[Math] Need function for 2D sigmoid-shaped monotonic Surface

functionssurfaces

I am looking for a 2D function, $f(x, y)$ which increases monotonically over the range $(0,0)$ to $(1,1)$. In other words, it will be $0$ at $(0,0)$ and $1$ at $(1,1)$. It will also evaluate to $0$ whenever $x = 0$ or $y = 0$. It's monotonic in the sense that the value at $(0.5,0.6)$ will be greater than at $(0.5, 0.5)$. The closest guess that I have to the function that I am looking for is:

Plot3D[1/((1+e^(-x*y))),{x,0,1},{y,0,1}]

But I would also like to be able to "bias" or make the function rise faster with $x$ relative to $y$ or vice-versa. Ideally, I would like to specify the surface with 2 variables. One that controls / scales how $f(x,y)$ rises relative to $x$, and another that controls / scales how $f(x,y)$ rises relative to $y$.

Edit:

I am looking for a sigmoid-shaped curve. The function does not need to be exactly equal to 1 at $z(1,1)$. However, $z(1,1)$ needs to be higher than any other $z(x,y)$ across the space $x[0:1], y[0:1]$. A closer function than the one above is:

$$z=1/\left(1+e^{-(x^a*y^b)}\right),$$

where $a$ and $b$ are used to "bias" or change the slope of the curve with respect to $x$ vs. $y$. However, that curve is close to 1 at $z(2,2)$ instead of $z(1,1)$. So $x$ and $y$ need to be scaled. Those scaling factors will be a function of $a$ and $b$. They cannot be computed directly since the exponent needs to be 0 to satisfy the equation exactly.
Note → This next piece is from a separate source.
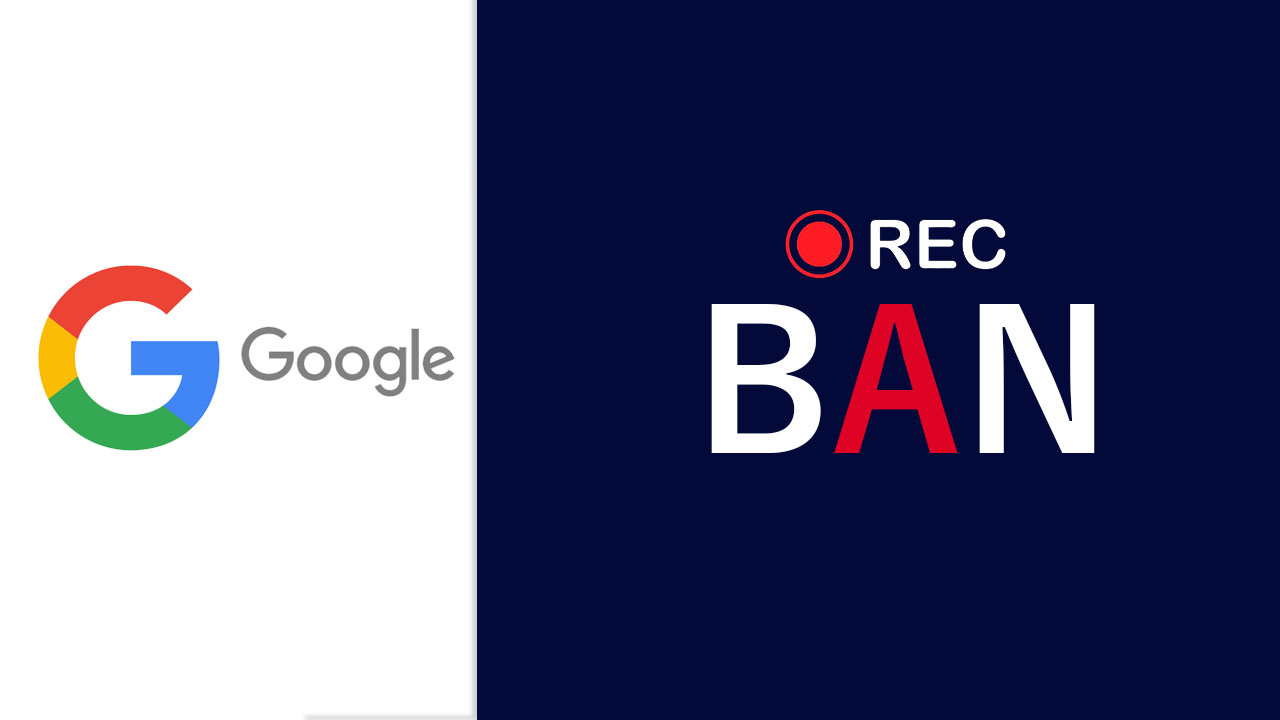 google ban call recording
However, if the exponent evaluates to a sufficiently small number, such as $0.01$, that should be close enough for my purposes.

Best Answer

Here's a simple example: $f(x,y)=xy$. You can change the powers of $x$ and $y$ to 'bias' one of $x$ or $y$.

Here's another function that is "sigmoid-shaped" and is close to your required values, as per your comments:

$$f(x,y)=\left( \frac{1}{1+e^{-100x+50}}\right)\left( \frac{1}{1+e^{-100y+50}}\right)$$

This is approximately $0$ at $(0,0)$ and $1$ and $(1,1)$, and is sigmoid-shaped in the sense that when either $x=1$ or $y=1$ the resulting slice of the 3D-plot is a sigmoid, as seen here:

enter image description here

Theoretically, you could also make this exactly equal to $1$ at $(1,1)$ and $0$ at $(0,0)$ by multiplying by a constant and changing the values of $50$ in the exponents appropriately to ensure that the function went through the points $(0,0,0)$ and $(1,1,1)$.